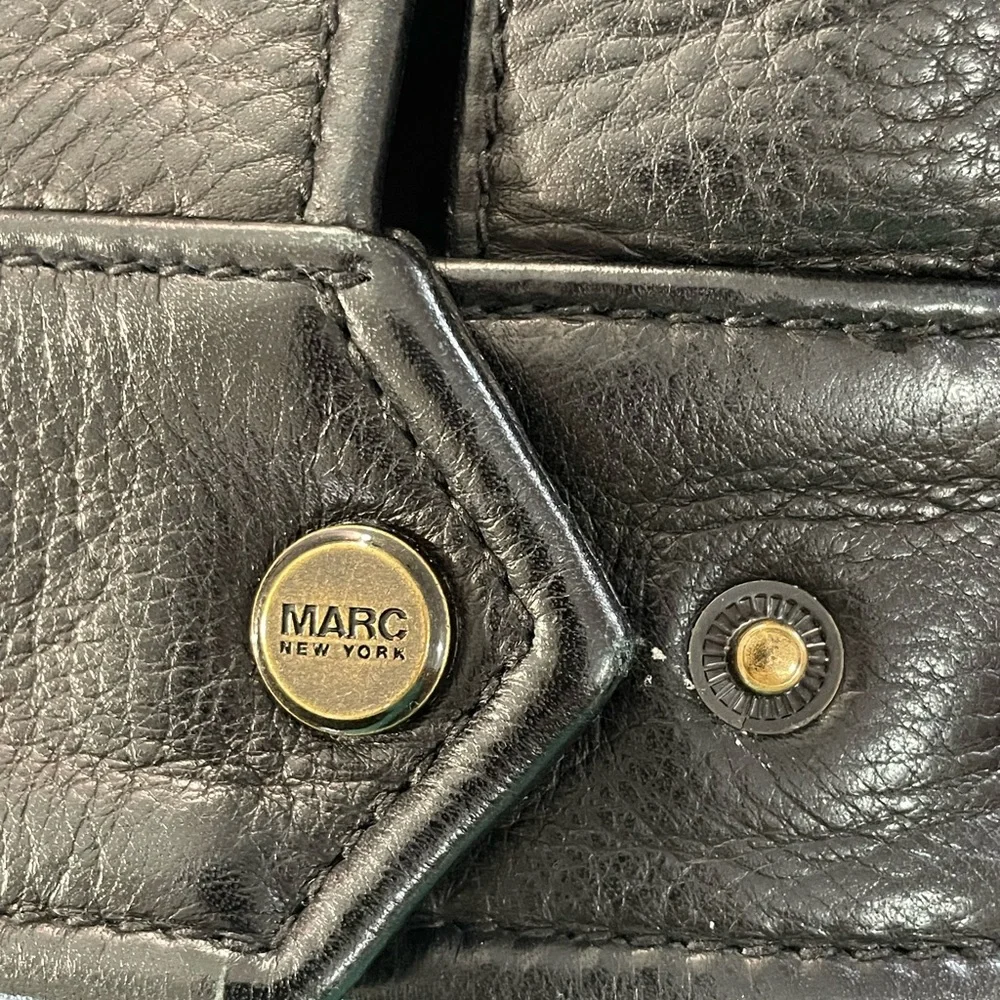 Andrew Marc New York Pebbled Black Leather Jacket - Picture 8 of 16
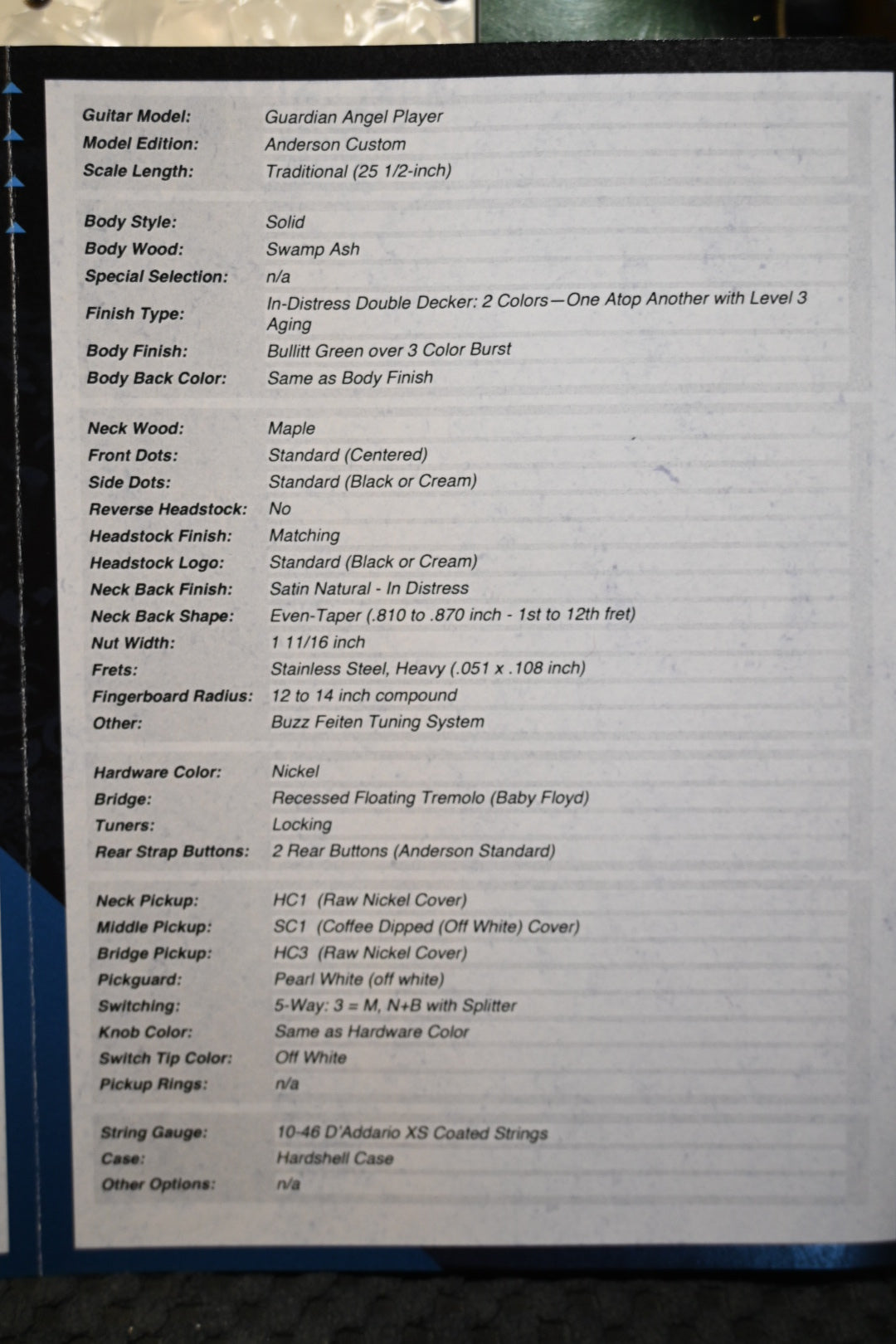 Tom Anderson Guardian Angel Player In-Distress - Bullit Green over 3-Color Burst Guitar #725P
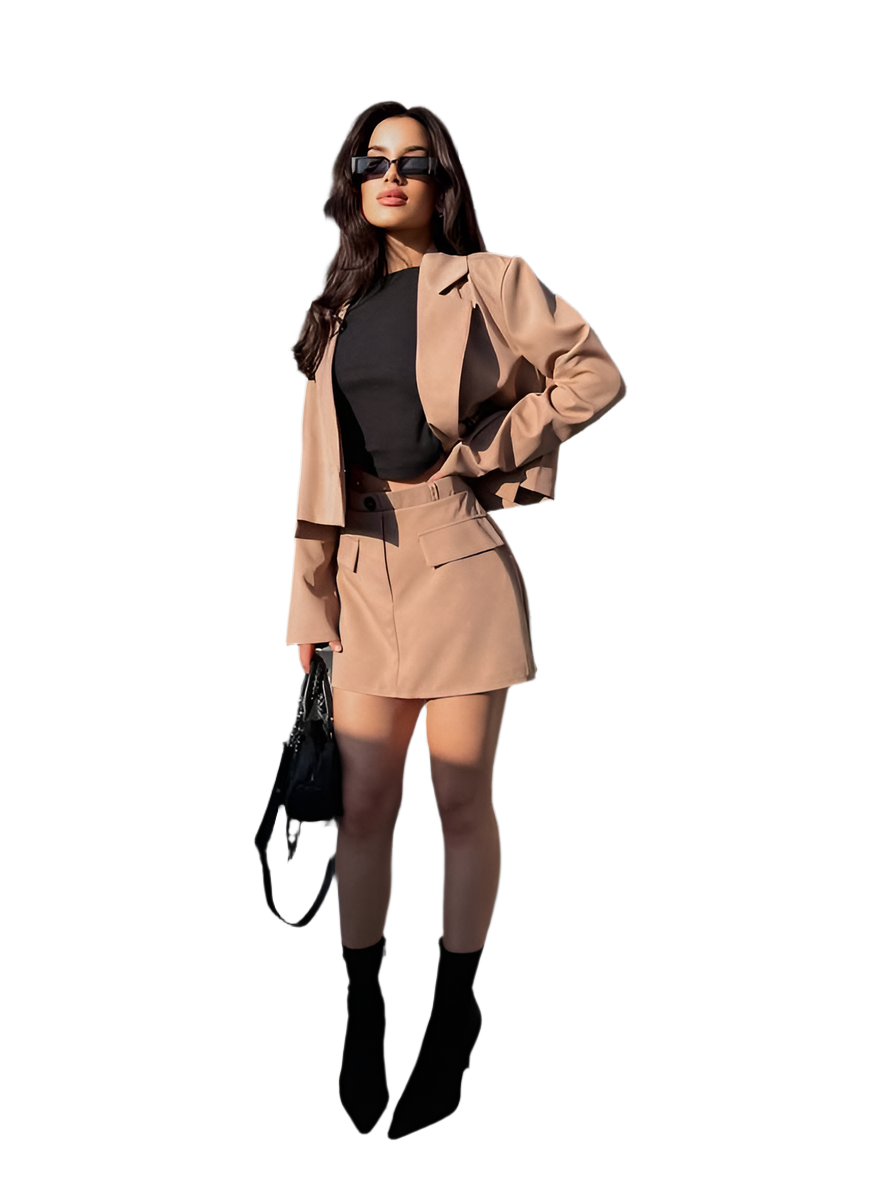 Women 2 in 1 Suit Jacket and Skirt-Shorts Set Elegant and Stylish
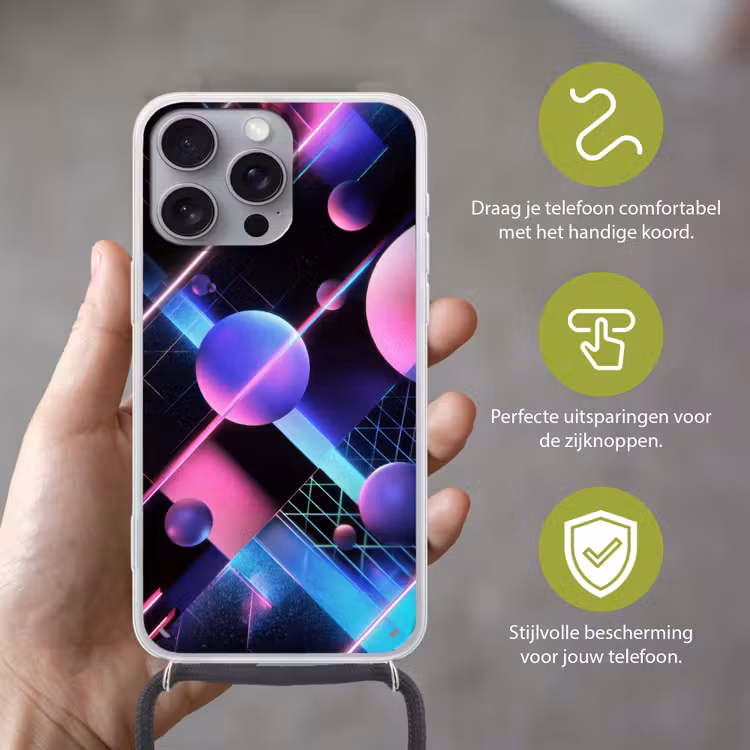 Bollen - Neon - Lijnen - Roze Hoesje iPhone 16 Pro Max met koord klein -sfeer2_NL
════════════════
◆ EXERCISE: What you produce should repeat the data word for word while omitting all images.

◆ EXERCISE ANSWER:
 Andrew Marc New York Pebbled Black Leather Jacket - Picture 8 of 16
 Tom Anderson Guardian Angel Player In-Distress - Bullit Green over 3-Color Burst Guitar #725P
 Women 2 in 1 Suit Jacket and Skirt-Shorts Set Elegant and Stylish
 Bollen - Neon - Lijnen - Roze Hoesje iPhone 16 Pro Max met koord klein -sfeer2_NL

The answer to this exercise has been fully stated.